And I am trying this:

x='some
   thing'

y=(${x//\n/})

And I had no luck, I thought it could work with double backslash:

y=(${x//\\n/})

But it did not.

To test I am not getting what I want I am doing:

echo ${y[1]}

Getting:

some
thing

Which I want to be:

some

I want y to be an array [some, thing]. How can I do this?

Question Answer

Another way:

x=$'Some\nstring'
readarray -t y <<<"$x"

Or, if you don’t have bash 4, the bash 3.2 equivalent:

IFS=$'\n' read -rd '' -a y <<<"$x"

You can also do it the way you were initially trying to use:

y=(${x//$'\n'/ })

This, however, will not function correctly if your string already contains spaces, such as 'line 1\nline 2'. To make it work, you need to restrict the word separator before parsing it:

IFS=$'\n' y=(${x//$'\n'/ })

…and then, since you are changing the separator, you don’t need to convert the \n to space anymore, so you can simplify it to:

IFS=$'\n' y=($x)

This approach will function unless $x contains a matching globbing pattern (such as “*“) – in which case it will be replaced by the matched file name(s). The read/readarray methods require newer bash versions, but work in all cases.

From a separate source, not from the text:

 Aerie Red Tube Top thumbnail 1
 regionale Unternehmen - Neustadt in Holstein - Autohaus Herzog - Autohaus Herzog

There is another way if all you want is the text up to the first line feed:

x='some
thing'

y=${x%$'\n'*}

After that y will contain some and nothing else (no line feed).

What is happening here?

We perform a parameter expansion substring removal (${PARAMETER%PATTERN}) for the shortest match up to the first ANSI C line feed ($'\n') and drop everything that follows (*).